## Task prompt
Your output is to hold only the lines from the one showing "Wedding couple sit" through the end of the listing, exactly, with every picture excluded.

Top of Provided records

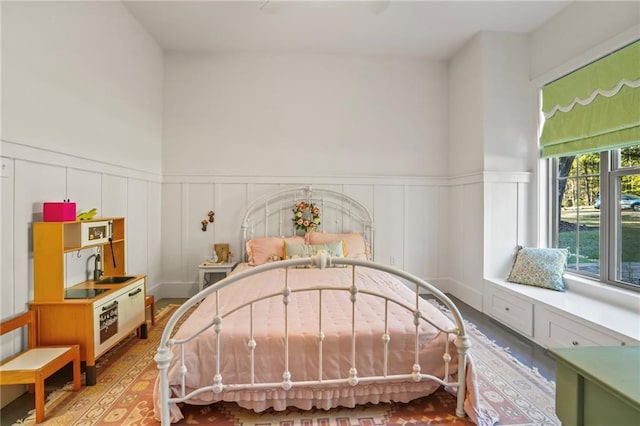 23648 Goodlife Ln, Covington, LA 70435 - bedroom with a decorative wall, light wood-style flooring, and wainscoting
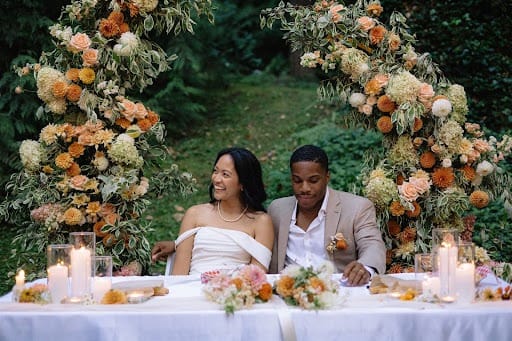 Wedding couple sit at decorated table framed in background by floral arch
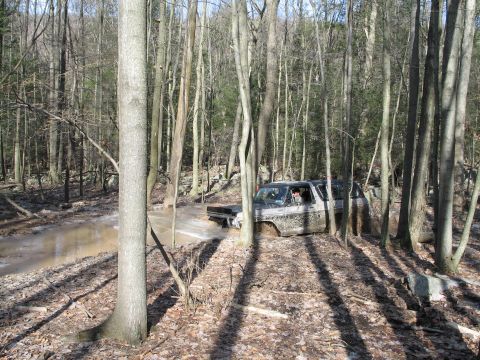 1995 Ford Bronco - This Ford Bronco is navigating a muddy stream in a wooded area.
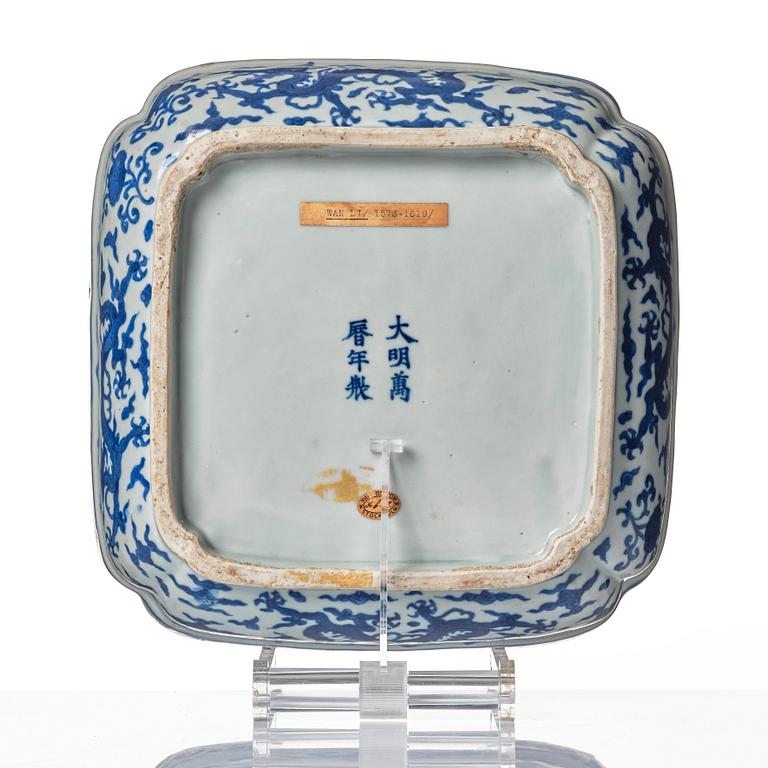 A blue and white quatrefoil dragon box with wooden cover and stand, Ming dynasty, Wanli mark and period (1573-1620).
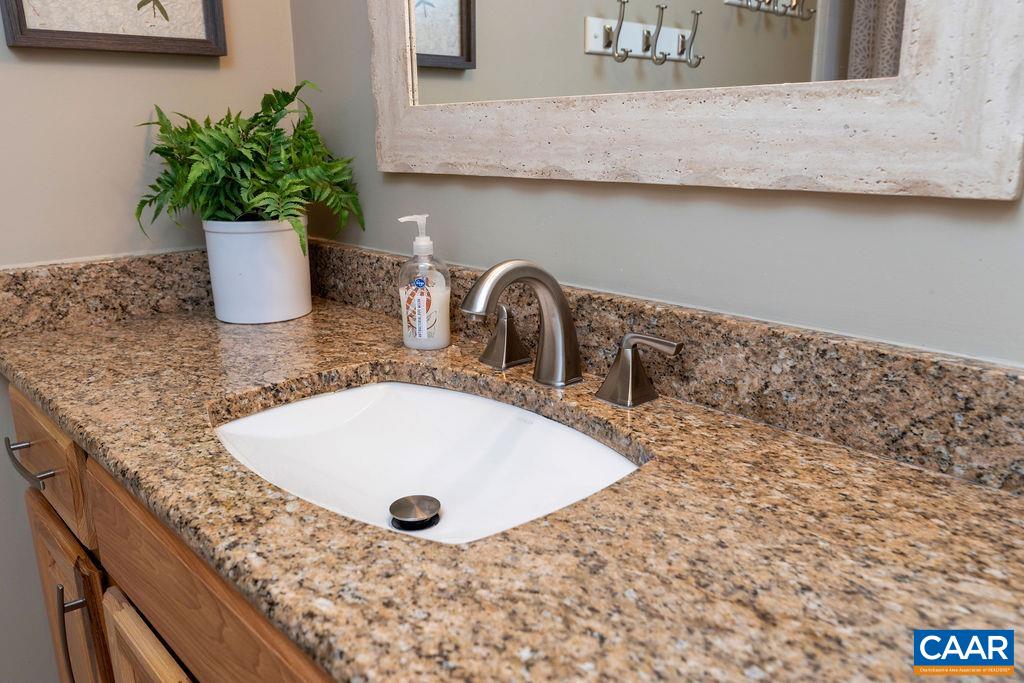 2035 Stone Ridge Wintergreen, VA 22967 - Photo 29 of 51 a bathroom with a granite countertop sink and a granite top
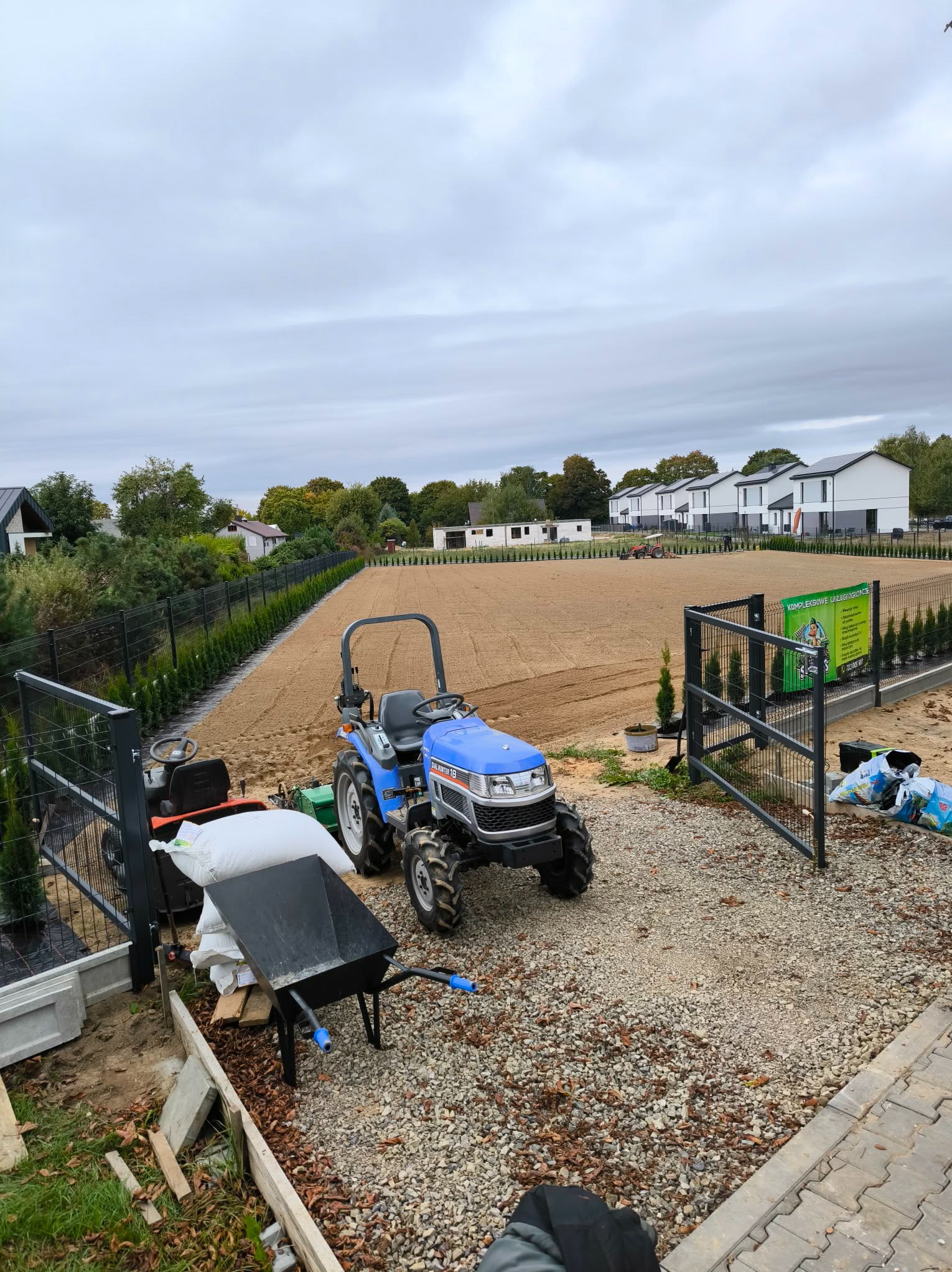 Przygotowany teren pod trawnik z widocznym traktorkiem, taczką i workami. W tle rząd domów i ogrodzenie z nasadzeniami. Pochmurne niebo.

Bottom of Provided records

## Finished exercise
 Wedding couple sit at decorated table framed in background by floral arch
 1995 Ford Bronco - This Ford Bronco is navigating a muddy stream in a wooded area.
 A blue and white quatrefoil dragon box with wooden cover and stand, Ming dynasty, Wanli mark and period (1573-1620).
 2035 Stone Ridge Wintergreen, VA 22967 - Photo 29 of 51 a bathroom with a granite countertop sink and a granite top
 Przygotowany teren pod trawnik z widocznym traktorkiem, taczką i workami. W tle rząd domów i ogrodzenie z nasadzeniami. Pochmurne niebo.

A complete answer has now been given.